Movie nerds can spot fellow movie nerds from across the room. Key and Peele don’t just parody specific movies (see: their Gremlins 2 sketch), but sometimes entire types of movies (see: their funhouse villain sketch). Any comedy team who casts character-actors like Clint Howard, while paying rapt attention to lighting and cinematography, is speaking my language. I’m sure Keanu is only one of many worthwhile films that will result from this partnership.
Rell (Jordan Peele) has just been dumped by his girlfriend. When we first see him, he’s moping beside a bong and a couple of posters for New Jack City and Heat. His best friend Clarence (Keegan-Michael Key) is a suburbanite who drives around in a mini-van while listening to George Michael on repeat. Clarence is on his way to cheer Rell up, but it turns out he doesn’t need to anymore. Rell has adopted a stray kitten he calls Keanu and all is well in the world.
What Rell and Clarence don’t know is Keanu has just escaped a shootout at a Mexican cartel operation. The two super-assassins responsible for the shootout are also played by Key and Peele in heavy makeup and wigs.
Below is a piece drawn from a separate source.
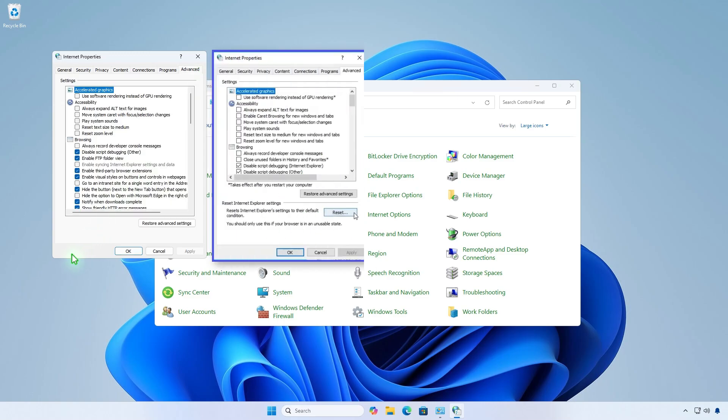However, as you can see, the reset button is no longer available. In the latest versions of Windows 10 and Windows 11, Microsoft has hidden this option.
The bad guys also want the kitten, but when a local gang tries to trash the house of a dumb drug dealer (Will Forte), they accidentally target Rell’s house next door. The leader of the gang, played by Method Man, takes a liking to the kitty, too. So when Rell and Clarence go to get Keanu back, the gang mistakes them for the aforementioned assassins and… well, this certainly sounds like a routine comedy, doesn’t it?
And it is a routine comedy, but not the low-effort kind. This is the kind of movie Richard Pryor and Gene Wilder could have starred in thirty years ago: a simple vehicle for complex talent. Each time the movie starts to lose its footing on the slippery slope of situation comedy, they completely save it with their antics. There’s an unlikely and somewhat contrived scene in which the boys must perform a wall-flip in order to prove they’re the assassins. In most comedies, the flip itself would be the joke. The joke here is Clarence’s face when he somehow nails it. It’s not about what happens, but how it happens.
So do you like Key and Peele’s TV show? If you do, you’ll like Keanu. It’s pretty rare for sketch performers to make the leap to the silver screen so well. Most comedians probably just see it as a promotion, but Key and Peele have been grooming themselves for film for years. Yeah, it’s absurd to believe a street gang could ever mistake these two for legendary assassin, but I’m willing to suspend my disbelief for gags as good as these.